__DATA UNDER STUDY__:
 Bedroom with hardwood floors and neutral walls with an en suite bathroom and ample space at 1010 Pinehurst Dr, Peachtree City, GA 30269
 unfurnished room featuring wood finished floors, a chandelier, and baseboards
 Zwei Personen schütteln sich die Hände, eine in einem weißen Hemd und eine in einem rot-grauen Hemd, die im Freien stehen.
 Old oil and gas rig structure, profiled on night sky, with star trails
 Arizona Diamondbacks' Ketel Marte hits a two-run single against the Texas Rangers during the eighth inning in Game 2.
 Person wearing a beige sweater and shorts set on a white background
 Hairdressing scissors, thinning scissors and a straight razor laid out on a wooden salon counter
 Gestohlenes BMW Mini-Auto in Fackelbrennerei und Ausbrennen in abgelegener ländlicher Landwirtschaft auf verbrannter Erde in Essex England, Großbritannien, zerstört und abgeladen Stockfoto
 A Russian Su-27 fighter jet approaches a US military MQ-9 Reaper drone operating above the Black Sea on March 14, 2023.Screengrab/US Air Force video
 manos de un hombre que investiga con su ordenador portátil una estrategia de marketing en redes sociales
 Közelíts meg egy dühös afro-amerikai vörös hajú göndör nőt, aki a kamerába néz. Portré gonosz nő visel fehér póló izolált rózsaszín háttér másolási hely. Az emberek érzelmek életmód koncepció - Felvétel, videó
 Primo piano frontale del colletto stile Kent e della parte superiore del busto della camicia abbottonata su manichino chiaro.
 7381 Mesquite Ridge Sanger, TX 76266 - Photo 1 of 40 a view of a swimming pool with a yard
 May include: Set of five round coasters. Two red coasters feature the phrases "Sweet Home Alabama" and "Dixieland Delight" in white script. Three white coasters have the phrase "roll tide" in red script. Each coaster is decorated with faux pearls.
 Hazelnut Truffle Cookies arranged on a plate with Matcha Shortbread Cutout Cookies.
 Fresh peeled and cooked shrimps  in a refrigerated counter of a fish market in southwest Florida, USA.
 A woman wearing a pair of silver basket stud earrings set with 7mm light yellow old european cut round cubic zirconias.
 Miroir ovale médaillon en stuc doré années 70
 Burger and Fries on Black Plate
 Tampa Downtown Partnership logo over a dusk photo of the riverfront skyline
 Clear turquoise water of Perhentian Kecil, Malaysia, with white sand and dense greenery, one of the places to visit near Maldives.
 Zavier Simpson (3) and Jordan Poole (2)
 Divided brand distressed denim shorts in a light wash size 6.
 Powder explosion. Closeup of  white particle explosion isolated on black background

__WHAT THIS TASK INVOLVES__:
The full set of data above must come back exactly as written.

__RESPONSE AREA__:
 Bedroom with hardwood floors and neutral walls with an en suite bathroom and ample space at 1010 Pinehurst Dr, Peachtree City, GA 30269
 unfurnished room featuring wood finished floors, a chandelier, and baseboards
 Zwei Personen schütteln sich die Hände, eine in einem weißen Hemd und eine in einem rot-grauen Hemd, die im Freien stehen.
 Old oil and gas rig structure, profiled on night sky, with star trails
 Arizona Diamondbacks' Ketel Marte hits a two-run single against the Texas Rangers during the eighth inning in Game 2.
 Person wearing a beige sweater and shorts set on a white background
 Hairdressing scissors, thinning scissors and a straight razor laid out on a wooden salon counter
 Gestohlenes BMW Mini-Auto in Fackelbrennerei und Ausbrennen in abgelegener ländlicher Landwirtschaft auf verbrannter Erde in Essex England, Großbritannien, zerstört und abgeladen Stockfoto
 A Russian Su-27 fighter jet approaches a US military MQ-9 Reaper drone operating above the Black Sea on March 14, 2023.Screengrab/US Air Force video
 manos de un hombre que investiga con su ordenador portátil una estrategia de marketing en redes sociales
 Közelíts meg egy dühös afro-amerikai vörös hajú göndör nőt, aki a kamerába néz. Portré gonosz nő visel fehér póló izolált rózsaszín háttér másolási hely. Az emberek érzelmek életmód koncepció - Felvétel, videó
 Primo piano frontale del colletto stile Kent e della parte superiore del busto della camicia abbottonata su manichino chiaro.
 7381 Mesquite Ridge Sanger, TX 76266 - Photo 1 of 40 a view of a swimming pool with a yard
 May include: Set of five round coasters. Two red coasters feature the phrases "Sweet Home Alabama" and "Dixieland Delight" in white script. Three white coasters have the phrase "roll tide" in red script. Each coaster is decorated with faux pearls.
 Hazelnut Truffle Cookies arranged on a plate with Matcha Shortbread Cutout Cookies.
 Fresh peeled and cooked shrimps  in a refrigerated counter of a fish market in southwest Florida, USA.
 A woman wearing a pair of silver basket stud earrings set with 7mm light yellow old european cut round cubic zirconias.
 Miroir ovale médaillon en stuc doré années 70
 Burger and Fries on Black Plate
 Tampa Downtown Partnership logo over a dusk photo of the riverfront skyline
 Clear turquoise water of Perhentian Kecil, Malaysia, with white sand and dense greenery, one of the places to visit near Maldives.
 Zavier Simpson (3) and Jordan Poole (2)
 Divided brand distressed denim shorts in a light wash size 6.
 Powder explosion. Closeup of  white particle explosion isolated on black background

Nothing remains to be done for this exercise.